Despite it’s emphatic title, My Lesbian Husband is no more about Barrie Jean’s long term partner Linnea than the Alice B. Toklas Cookbook is about recipes. Borich’s book is about Herself, a free spirit overly fond of steamy break-the-rules sex, drugs and booze; a bad girl eventually redeemed by daily life with her unflappable, loving partner. It is about an outsider/insider who keeps changing her stripes (but never her faux leopard spots). It is about a state of brilliant befuddlement—a fate that probably befalls anyone brazen enough to crawl inside a koan and take-up residence there. “Why should I treat the world as I do, like a continuous crossword puzzle full of witty clues and the wrong answers?” Borich asks no one in particular. Such unanswerable questions are her authorial signature.

But lest you think My Lesbian Husband is a long-winded and wooly-minded cosmic quest, let me assure you that Borich can be as precise as a Polaroid, as gritty as a home movie.

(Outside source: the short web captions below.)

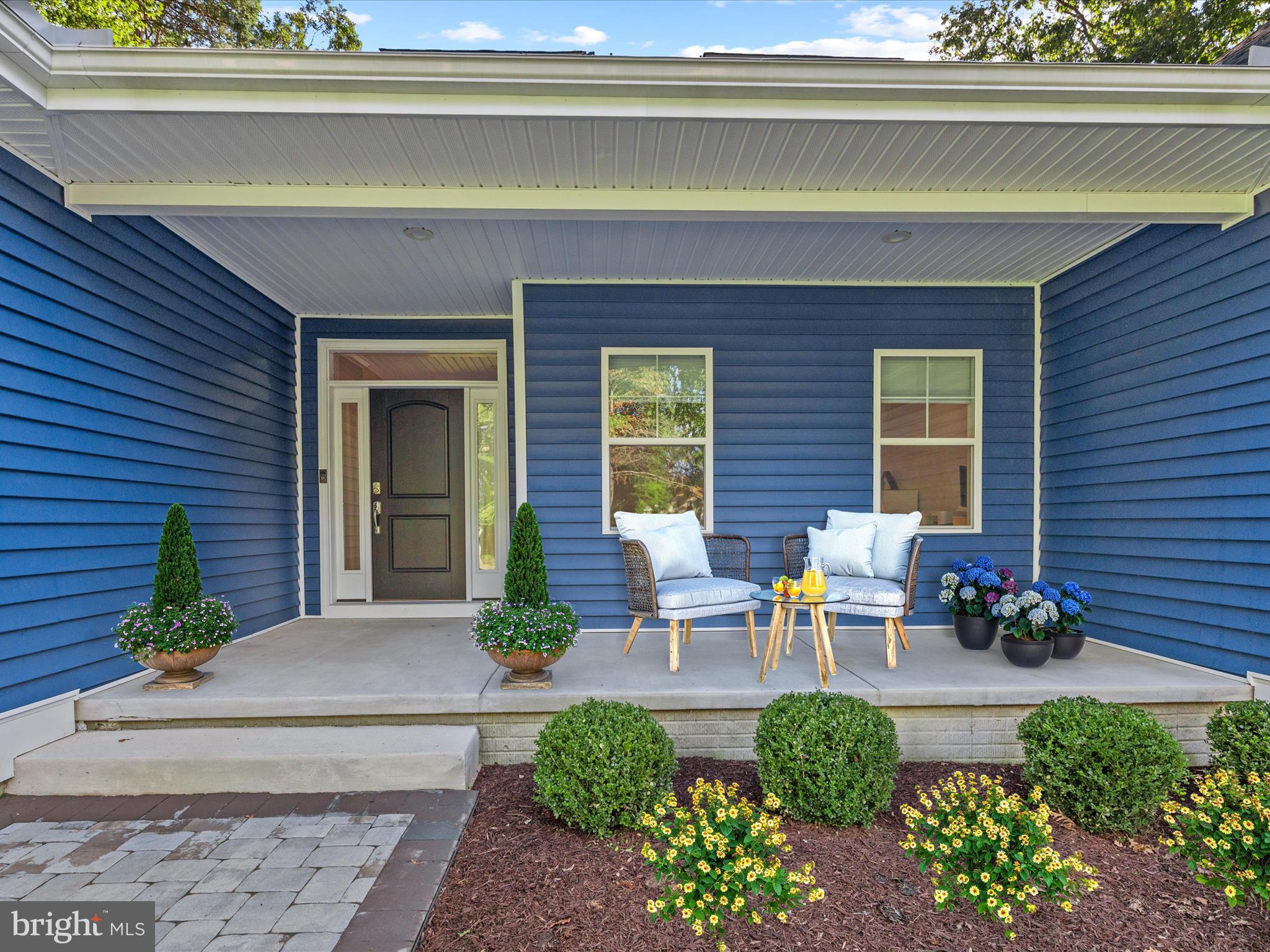 22902 W LAKEVIEW DRIVE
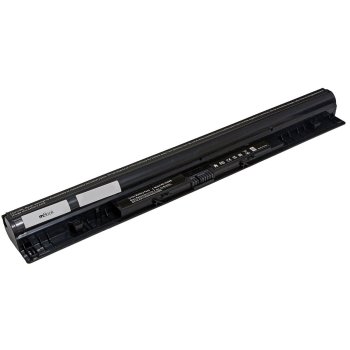 Bateria Para Lenovo 4 Cell 121500174 121500175 121500176, 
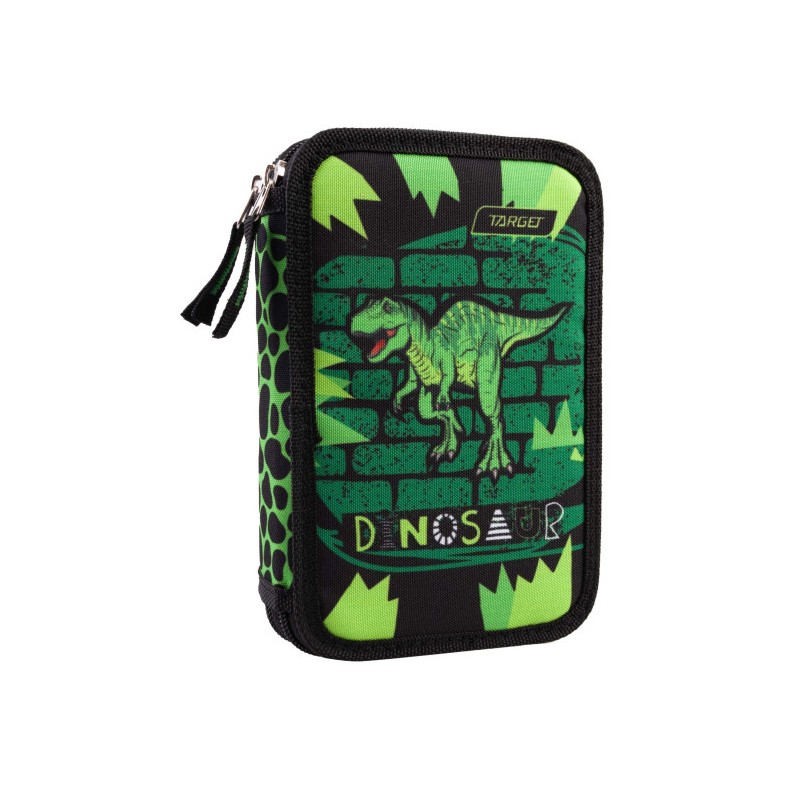 MULTI PERESNI DINOSAUR 28103***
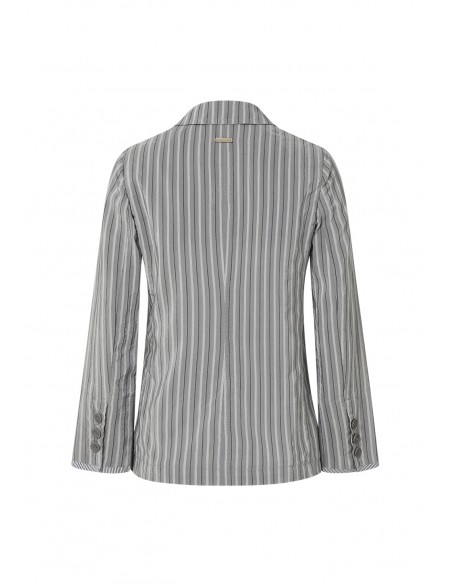 MARIONA_FITTED_STRIPED_BLAZER_MARIONA_FASHION_CLOTHING_WOMAN_SHOP_ONLINE_3815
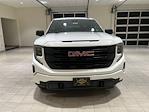 New 2025 GMC Sierra 1500 Pro Crew Cab Pickup for sale #54578 - photo 46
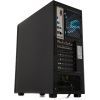 Комп'ютер Vinga Wolverine A5282 (I3M16G3060W.A5282) зображення 4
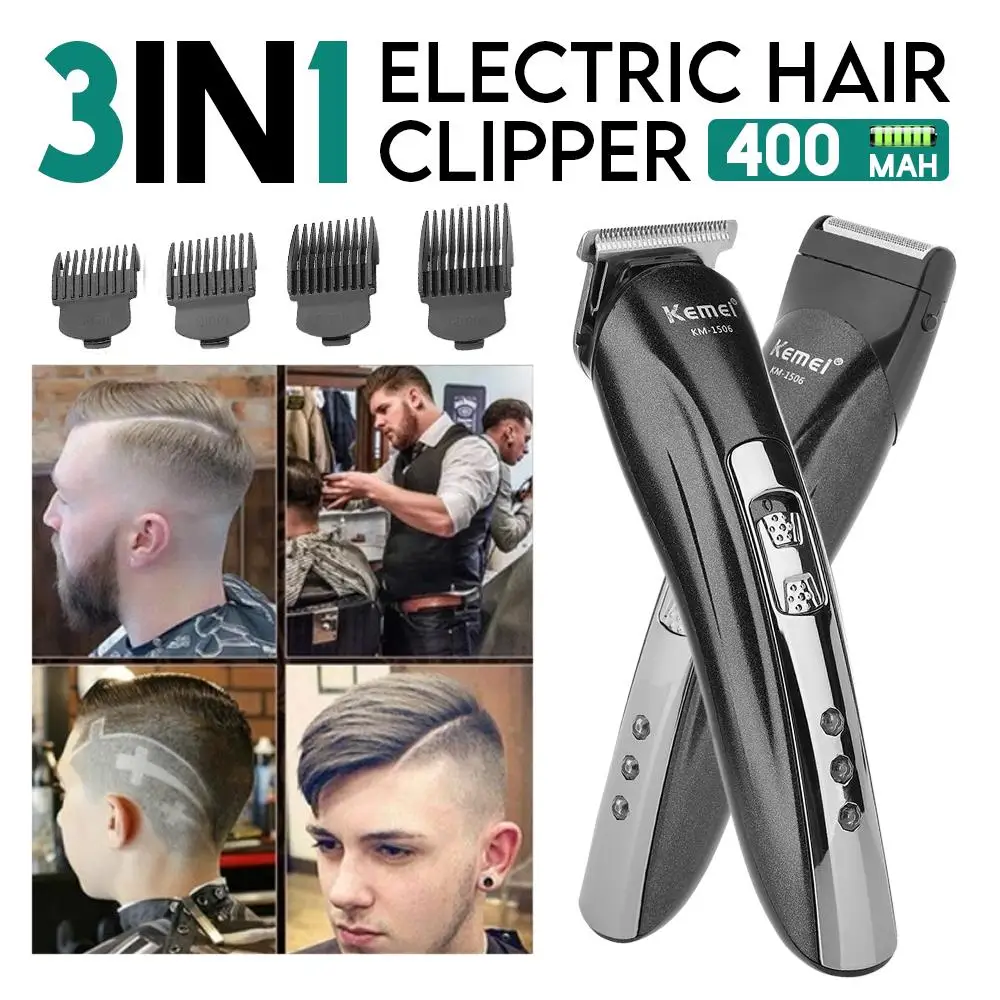 

Black Nose Hair Trimmer Painless Shaving Fashion Hair Trimmer Clippers Stainless Steel Portable Health Beauty Razor Trimmers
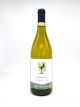 Weinstock Chardonnay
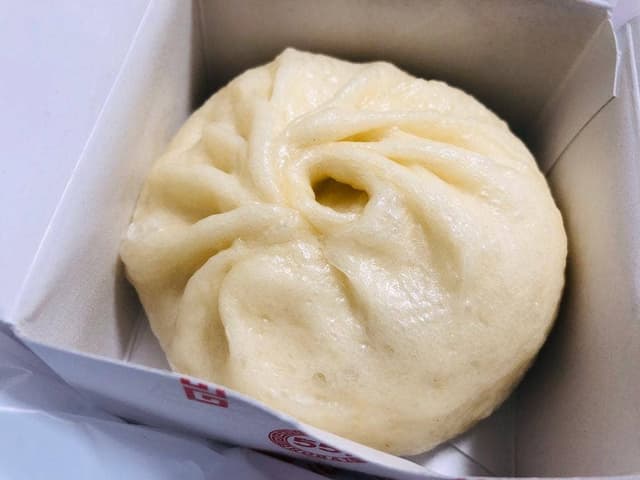 551蓬莱 JR三ノ宮駅店 - サブ画像1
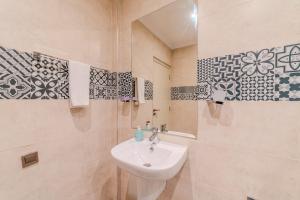 Apartment 5 min from downtown Marrakech - Wi-Fi - parking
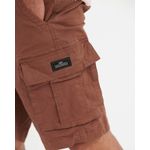 25ALX01375-PANTALONI-SCURTI---PANTALONI-SCURTI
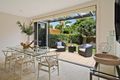 Property photo of 2/556-562 Pittwater Road North Manly NSW 2100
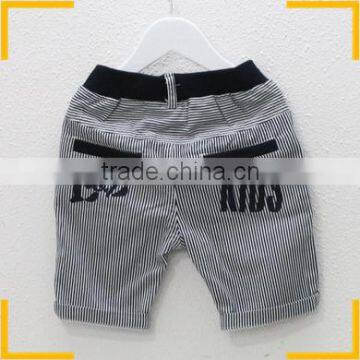 2016 Hot Sale Wholesale Dress Fashion Boys Beach Boxer Clothing for Gays photo-2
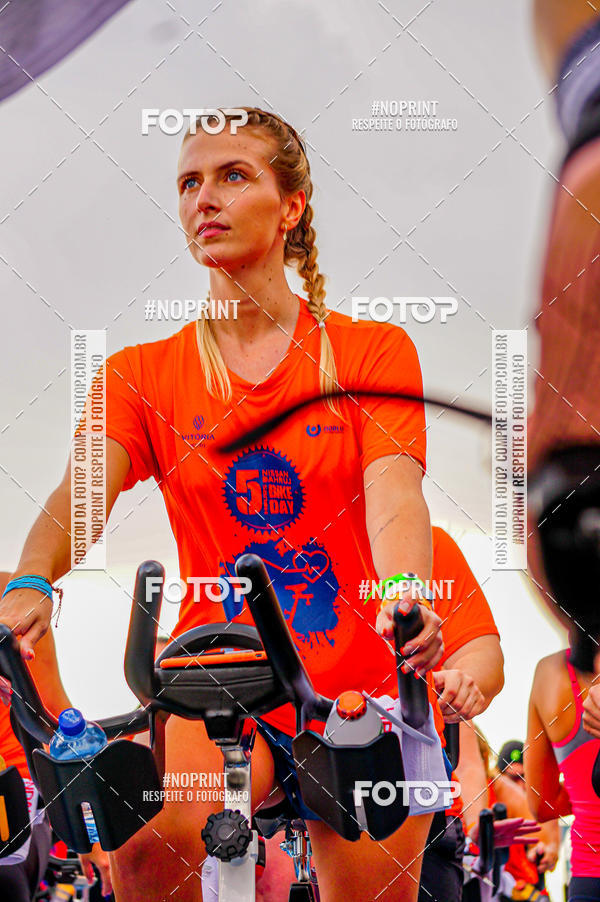 Buy your photos of the eventNissan Dahuj 5 Hours Bike Day  on Fotop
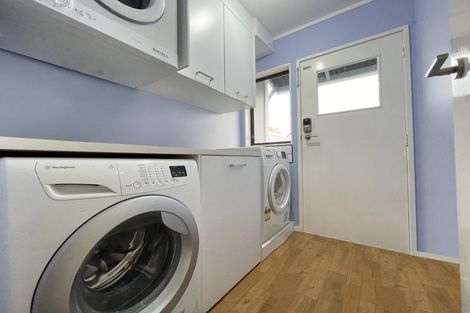 Photo of property in 1/44 Randwick Crescent, Moera, Lower Hutt, 5010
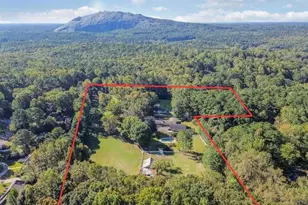 5888 Old Stone Mountain Rd, Stone Mountain, GA 30087 - Photo 1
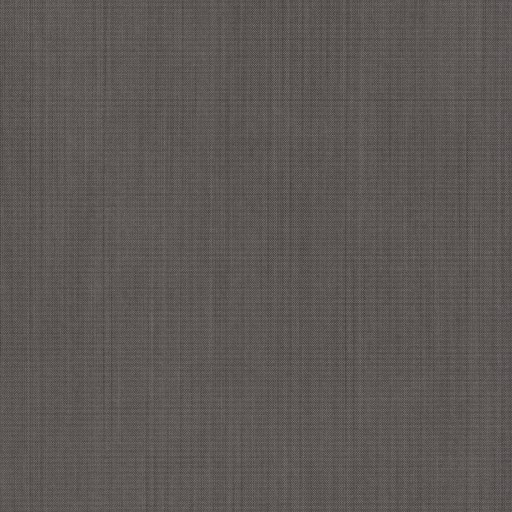 Обои Khroma The Colour Book ANY805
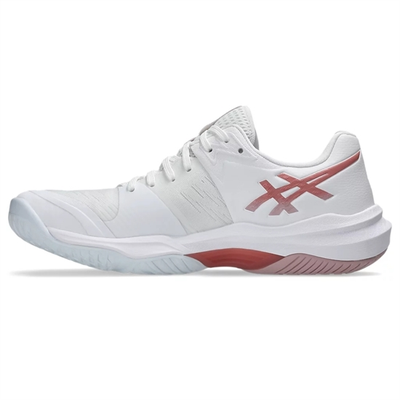 Asics Sky Elite FF 3 White Morganite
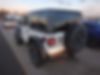 1C4HJXCN6KW565904-2019-jeep-wrangler-1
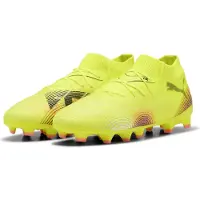 Puma Future 8 Pro Fg/ag Fußballschuhe Gelb EU 37 1/2 Gelb EU 37 1/2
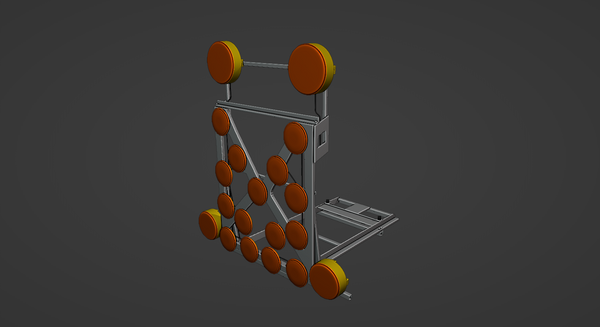 🛠️ Ausbauteile & Zubehör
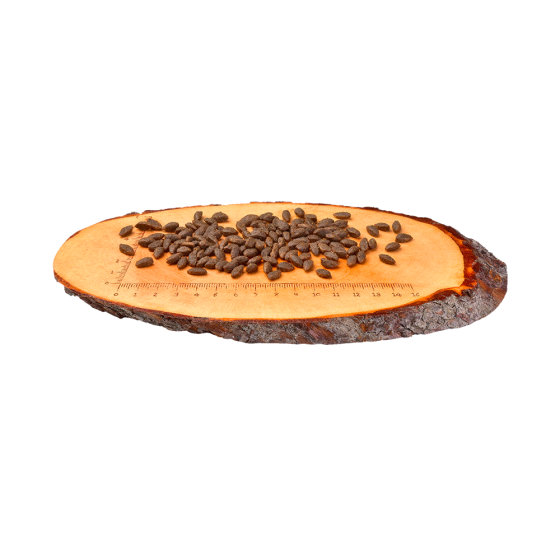 Сухий корм Carnilove Cat Sensitive & Long Hair для котів з чутливим травленням, лосось, 6 кг Вінниця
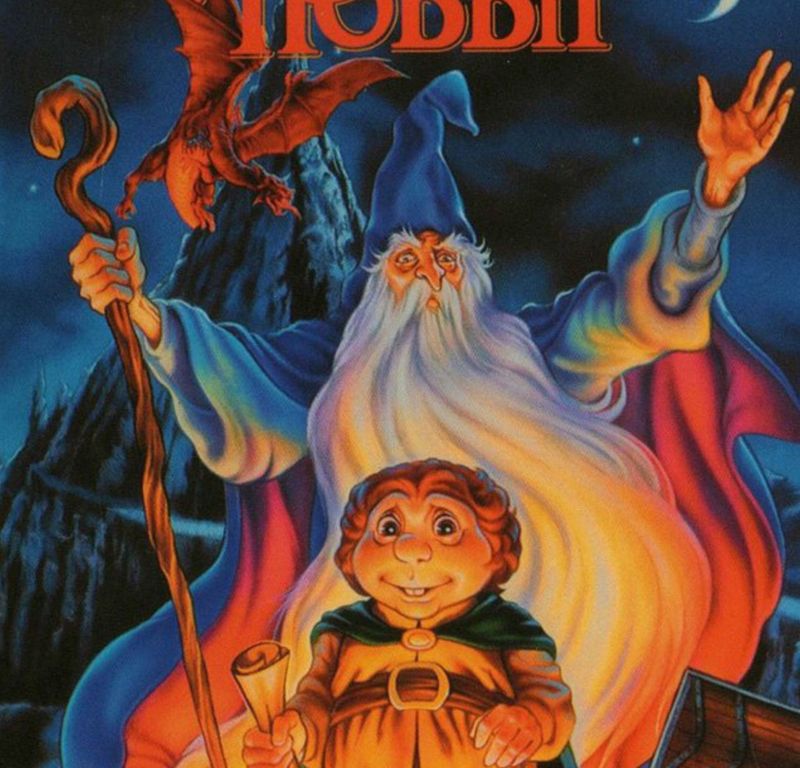 Obrázek #8 z 13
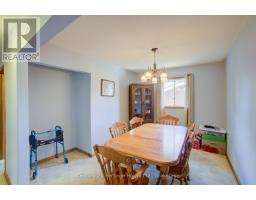 202 15TH AVENUE - 14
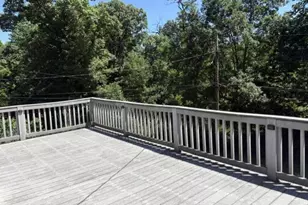 355 Terri Ave, Steubenville, OH 43952 - Photo 26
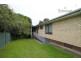 4 London Road, Wodonga VIC 3690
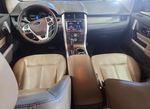 Ford Edge 2013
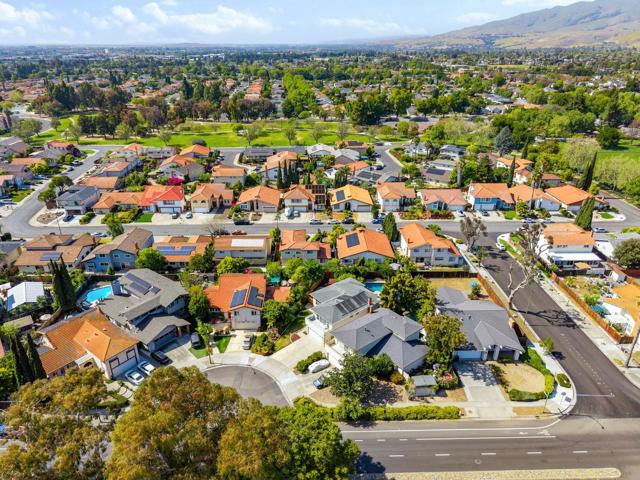 2813 Hostetter Road, San Jose CA: https://media.crmls.org/mediaz/bb095d97-650e-4098-9d7e-b2a2a7f420ce.jpg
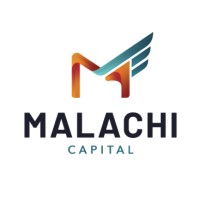 Malachi Capital logo - Similar company to Nw Works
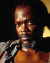 Samuel L. Jackson in A Time to Kill Poster and Photo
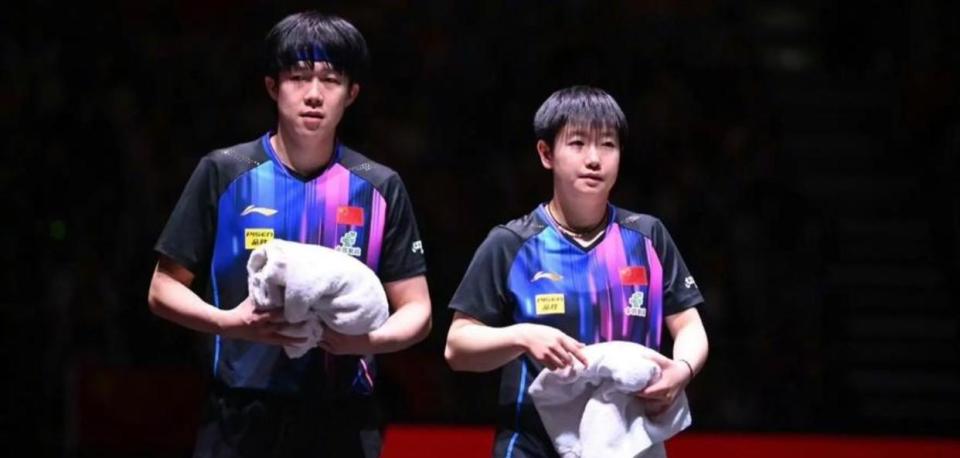 都专门发文, 的多家权威 都专门发文, 的多家权威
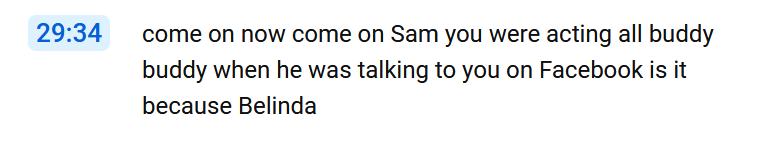 2934.png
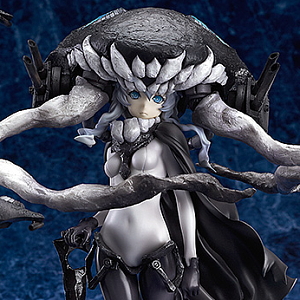 空母ヲ級 (フィギュア) - ホビーサーチ フィギュア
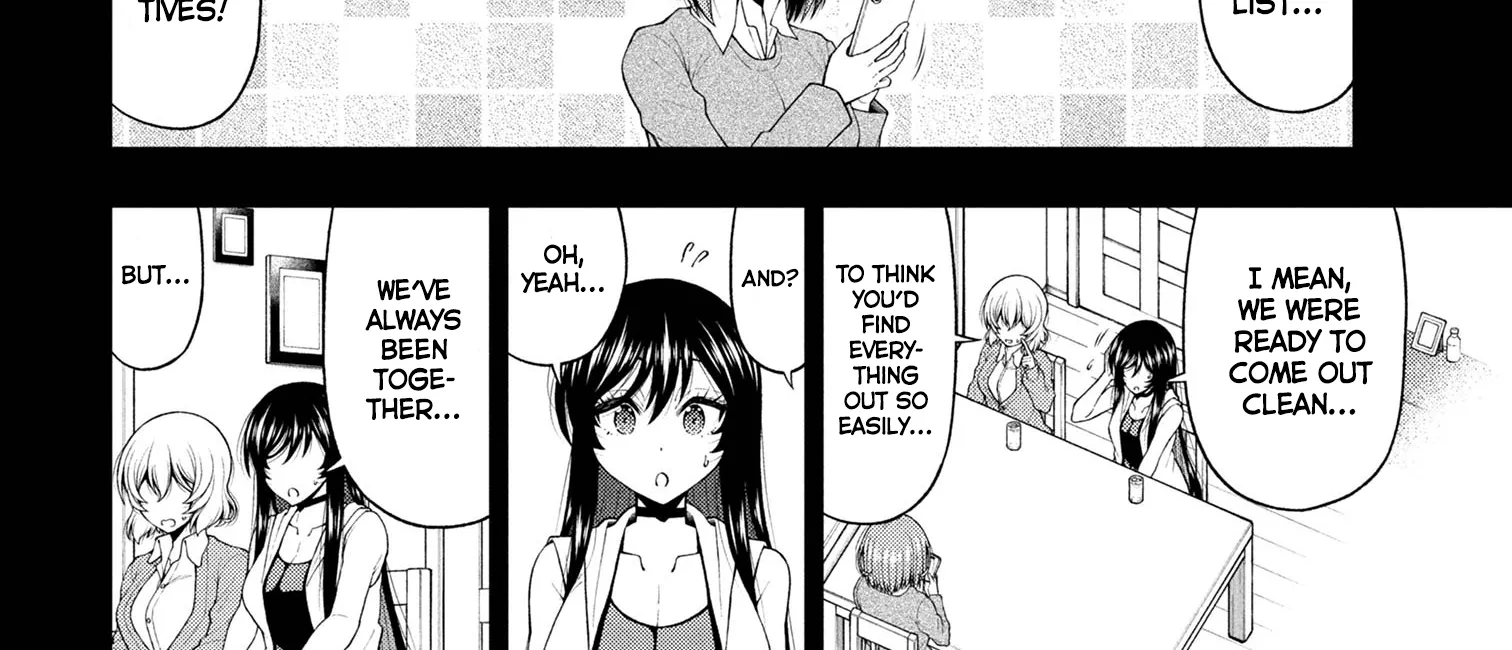 An Introvert's Hookup Hiccups: This Gyaru Is Head Over Heels for Me!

We can almost feel the tangled sheets, smell the sweaty sex, as Barrie Jean comes out and careens through the non-monogamous, substance-abusing 70’s. Rendered with the same cinema verite rawness is her free-fall into permanent partnership (the 80’s) and her morphing into a married lesbo lady (the 90’s)…. Fortunately for all of us, this brilliant, zany Queen of Conspicuous Subjectivity won’t be able to resist coming back for an encore. Just to make sure I’m going to keep clapping.—Marny Hall

from The Gay & Lesbian Review, Winter 2000
“Are we married?” asks Barrie Jean Borich of her lover of twelve years, Linnea, in the first chapter of My Lesbian Husband. It’s a question she returns to, in one form or another, throughout the book, and although the answer is obviously “yes” from the start, the author uses her uncertainty to look more closely at the significance of all the words that imply intimacy and commitment—wife, long-term lovers, house co-owners, husband, couple, union, family, marriage—significance not only to herself but to other lesbians and to heterosexual couples, as well.

These terms for committed relationships are important to Borich, not only because lesbians have no true language of our own with which to describe our modes of bonding, but also because the author wants her relationship to be acknowledged in the same ways that straight marriages are. Consequently, she’s reluctant to reinvent the wheel, as many lesbians are forced to do. And she doesn’t believe she needs to. Although she and Linnea have a large coterie of gay and “bohemian” friends, neither woman lives in a ghettoized world. Borich wants to find ways to appropriate and integrate the best of what already exists. So while her writing moves back and forth in time, focusing on moments during her years with Linnea that reveal the texture of their life together, she returns as well to her youngest brother’s engagement and wedding, to her and Linnea’s relationship with their immediate families, and to the perceptions of strangers in their Minneapolis neighborhood and elsewhere….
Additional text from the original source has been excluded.